Jorge Cramez: O Capacete Dourado


Um filme português, o primeiro filme de Jorge Cramez, é absolutamente de ver.
Capacete Dourado comete a proeza de reunir um par romântico, Ana Moreira e Eduardo Frazão. (Perplexidade : como é que, dias depois da estreia, Eduardo Frazão continua um desconhecido. Como é que os jornalistas do cinema não o entrevistaram, não nos dizem como foi escolhido, o que fez antes, onde anda agora.)

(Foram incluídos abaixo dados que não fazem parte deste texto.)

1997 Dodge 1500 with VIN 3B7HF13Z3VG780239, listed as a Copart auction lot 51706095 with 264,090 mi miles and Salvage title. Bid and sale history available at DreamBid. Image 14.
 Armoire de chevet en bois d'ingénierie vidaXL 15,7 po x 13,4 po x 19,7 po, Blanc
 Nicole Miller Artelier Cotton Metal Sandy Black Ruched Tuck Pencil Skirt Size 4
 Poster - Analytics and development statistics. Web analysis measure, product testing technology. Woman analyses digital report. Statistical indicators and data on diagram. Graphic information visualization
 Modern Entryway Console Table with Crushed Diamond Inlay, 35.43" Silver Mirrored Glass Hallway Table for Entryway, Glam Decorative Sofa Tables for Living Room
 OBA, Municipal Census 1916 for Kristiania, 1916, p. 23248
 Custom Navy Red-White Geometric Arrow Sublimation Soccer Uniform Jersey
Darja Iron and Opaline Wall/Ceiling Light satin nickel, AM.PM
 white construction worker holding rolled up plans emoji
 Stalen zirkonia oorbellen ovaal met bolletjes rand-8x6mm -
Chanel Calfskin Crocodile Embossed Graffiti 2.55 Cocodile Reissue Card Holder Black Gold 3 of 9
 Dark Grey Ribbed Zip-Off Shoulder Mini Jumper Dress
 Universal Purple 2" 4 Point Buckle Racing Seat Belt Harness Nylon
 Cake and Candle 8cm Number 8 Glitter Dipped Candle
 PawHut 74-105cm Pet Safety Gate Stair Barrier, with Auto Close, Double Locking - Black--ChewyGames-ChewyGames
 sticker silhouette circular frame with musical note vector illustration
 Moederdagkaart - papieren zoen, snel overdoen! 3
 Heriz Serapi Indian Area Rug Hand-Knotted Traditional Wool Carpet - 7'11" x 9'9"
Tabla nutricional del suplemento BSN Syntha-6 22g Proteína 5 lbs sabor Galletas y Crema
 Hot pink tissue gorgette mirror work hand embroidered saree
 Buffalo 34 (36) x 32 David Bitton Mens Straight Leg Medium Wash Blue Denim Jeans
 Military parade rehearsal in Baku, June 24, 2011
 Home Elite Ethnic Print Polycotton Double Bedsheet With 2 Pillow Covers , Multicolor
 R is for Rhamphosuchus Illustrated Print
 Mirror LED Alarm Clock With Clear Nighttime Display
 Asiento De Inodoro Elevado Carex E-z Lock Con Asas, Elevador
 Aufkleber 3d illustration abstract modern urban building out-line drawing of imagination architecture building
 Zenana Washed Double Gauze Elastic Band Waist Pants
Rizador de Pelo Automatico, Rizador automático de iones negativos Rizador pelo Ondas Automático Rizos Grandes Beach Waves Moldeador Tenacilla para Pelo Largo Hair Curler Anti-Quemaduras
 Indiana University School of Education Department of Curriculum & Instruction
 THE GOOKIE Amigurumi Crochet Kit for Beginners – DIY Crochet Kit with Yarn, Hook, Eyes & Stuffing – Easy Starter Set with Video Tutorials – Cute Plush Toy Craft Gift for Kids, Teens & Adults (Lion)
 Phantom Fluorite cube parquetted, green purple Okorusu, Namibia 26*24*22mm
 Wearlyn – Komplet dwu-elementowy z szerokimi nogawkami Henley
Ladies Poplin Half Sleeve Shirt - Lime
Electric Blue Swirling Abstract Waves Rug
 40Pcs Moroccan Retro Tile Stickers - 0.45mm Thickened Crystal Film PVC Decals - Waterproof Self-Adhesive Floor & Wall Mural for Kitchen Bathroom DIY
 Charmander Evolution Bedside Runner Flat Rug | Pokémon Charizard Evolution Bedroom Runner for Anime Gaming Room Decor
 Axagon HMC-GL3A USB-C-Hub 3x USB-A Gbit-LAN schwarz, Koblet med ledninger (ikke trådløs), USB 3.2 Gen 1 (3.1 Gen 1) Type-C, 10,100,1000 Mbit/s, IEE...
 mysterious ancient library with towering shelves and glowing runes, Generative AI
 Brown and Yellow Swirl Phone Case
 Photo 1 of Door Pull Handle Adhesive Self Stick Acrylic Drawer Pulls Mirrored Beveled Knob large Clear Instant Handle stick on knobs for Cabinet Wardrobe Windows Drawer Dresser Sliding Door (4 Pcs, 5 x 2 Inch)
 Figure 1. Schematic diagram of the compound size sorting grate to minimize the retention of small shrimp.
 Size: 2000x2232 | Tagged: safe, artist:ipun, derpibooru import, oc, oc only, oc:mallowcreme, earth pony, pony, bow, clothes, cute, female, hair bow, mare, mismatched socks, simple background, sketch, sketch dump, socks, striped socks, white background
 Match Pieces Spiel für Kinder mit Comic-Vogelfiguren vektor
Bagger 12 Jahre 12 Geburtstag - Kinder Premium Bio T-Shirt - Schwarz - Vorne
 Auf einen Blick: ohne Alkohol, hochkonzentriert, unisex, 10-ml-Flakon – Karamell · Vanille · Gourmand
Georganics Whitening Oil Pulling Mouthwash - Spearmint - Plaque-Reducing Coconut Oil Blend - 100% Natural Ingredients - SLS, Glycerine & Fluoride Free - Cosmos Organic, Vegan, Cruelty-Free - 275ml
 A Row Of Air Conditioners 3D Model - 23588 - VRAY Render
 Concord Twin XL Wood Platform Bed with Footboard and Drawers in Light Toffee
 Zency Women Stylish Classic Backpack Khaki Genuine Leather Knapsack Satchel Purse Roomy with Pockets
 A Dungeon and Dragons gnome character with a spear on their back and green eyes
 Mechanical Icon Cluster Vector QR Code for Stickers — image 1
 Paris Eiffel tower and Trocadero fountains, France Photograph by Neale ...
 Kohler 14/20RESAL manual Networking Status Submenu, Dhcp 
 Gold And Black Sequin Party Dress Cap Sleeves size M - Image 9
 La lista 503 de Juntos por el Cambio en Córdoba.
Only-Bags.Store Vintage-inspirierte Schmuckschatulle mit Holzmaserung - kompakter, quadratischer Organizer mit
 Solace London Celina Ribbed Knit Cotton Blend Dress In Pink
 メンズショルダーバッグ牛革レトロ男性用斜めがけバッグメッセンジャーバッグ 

O filme conta um momento da vida de dois adolescentes, em Vila Real, Trás os Montes. Um rapaz de capacete dourado a caminho de um desastre e uma rapariga anoréctica no meio de outro.
A realização é excelente, culta, económica. A fotografia deslumbrante, mostrando este país, que, quando se sai de Lisboa para o norte, fica logo tão perto da Turquia e do Irão. Os actores bem misturados com os figurantes.
Mas o mais fascinante neste filme é a indefinição do tempo da acção, essa sensação que nos acomete quando entramos numa cidade como Nelas, Viseu, Bragança ou em S.Pedro do Sul, e tudo é simultaneamente antigo e da maneira nova que não queríamos. Lá estão os professores e a sala dos professores, a casa do dr.Rogério, os rapazes a consertar as motoretas e depois a irem experimentá-las, a pesca no rio Corgo, mas também o jogo na consola em que Jota saca informações de Margarida ao amigo, o rapaz que vende figos maduros no parque de estacionamento do Miracorgo, o monólogo da ucraniana no salão de bilhares. Vasco Câmara, no comentário que acompanha a reportagem do ipsilão, recorda que este filme e o seu autor pertencem à geração de Teresa Villaverde e Pedro Costa. Entretanto o filme não é datado. Não é o filme que Cramez não chegou a fazer nos anos 80. É um filme transgeracional, que pode reunir, em torno de um objecto quase-perfeito, a memória dos rebeldes sem causa, dos que nos finais dos anos 80 filmaram o sangue, a lava, os ossos e o silêncio e também os actuais adolescentes.
No final ficam algumas imagens: o toque do intervalo, os rapazes no corredor a puxar dos cigarros, a porta que se abre para uma varanda e de repente, atrás do olhar desafiante do Jota empoleirado no varandim, muito breve, só imaginado, o abismo.